Изменить стиль страницы

— ВхОжу этО я к нему в кОбинет… А кОбинет-тО у негО грО-Омадный… А мебель-тО у негО вся пОрчёвая… А ОбстОнОвка-тО у негО вся шикарная… А занавеси-тО у негО бархОтные. А в углу-тО у негО гитара едрёнОя, с лентОчкОми… А на стОле-тО какаО да булОчки-тО сдОбные.

А на стОлах-тО… Да на пОлках-тО, да на полу-тО — книги, да книги разлОженные… А бумага-тО в них пергаментная… А края-тО, края-тО в них зОлОчёные. А внутри-тО в них всякая егО-тО дрянь напечатОннОя…

А сам-тО Он в кресле мягкОм, глубОкОм сидит и еле-еле слОва-тО мне, бездОрь этОкОя, цедит…

А мОи-тО… МОи-тО стихи — так печатать и не думает.

Гариной было невероятно смешно. Она наслаждалась этой беседой, как хорошим спектаклем.

— Ну и как же решили? — подначила.

— ЧегО тут решили?! «Не мОгу», говорит, «издОвать!.. Бумаги нет!.. Не хвОтает!..» А бумага-тО вся на егО-тО дрянь тОлькО и идёт!

Гарина продолжала хохотать. Клюев не мог взять в толк — что здесь смешного.

А когда мадам увидела под пиджаком у поэта «поповский», как она выразилась, крест, так её всю затрясло от смеха.

«Клюев, не поняв, в чём дело, и решив, что я вновь переживаю его рассказ, вдруг преподнёс: „бездОрь этОкОя“…»

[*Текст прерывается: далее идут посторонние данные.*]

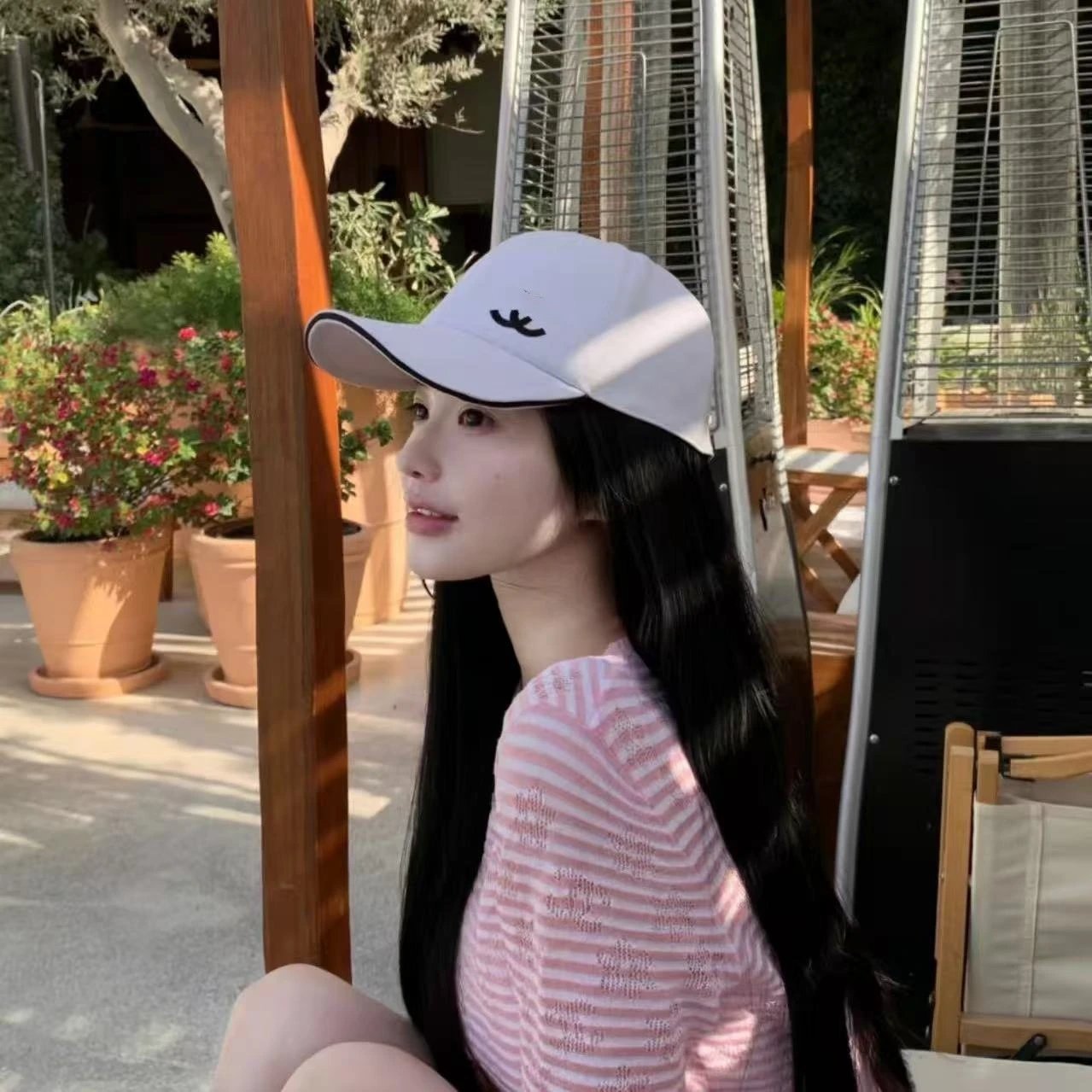 Eline Logo Embroidered Black White Adjustable Baseball Cap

Клюев прекрасно понял, в чём дело. И «бездОрь» относилось уже к самой Гариной.

Когда же он узнал, что за очередным накрытым столом хозяйка вволю потешила собравшихся рассказом о клюевских злоключениях и о его кресте под дружный хохот и что находившийся среди гостей Георгий Устинов, определивший Клюева в литературный обоз и обрекший его «на погибель» (вместе с Есениным), предложил «крест у Клюева Отнять, купить выпивки и выпить за здоровье „нОвОявленного батюшки“» — раз и навсегда перестал бывать в этом доме.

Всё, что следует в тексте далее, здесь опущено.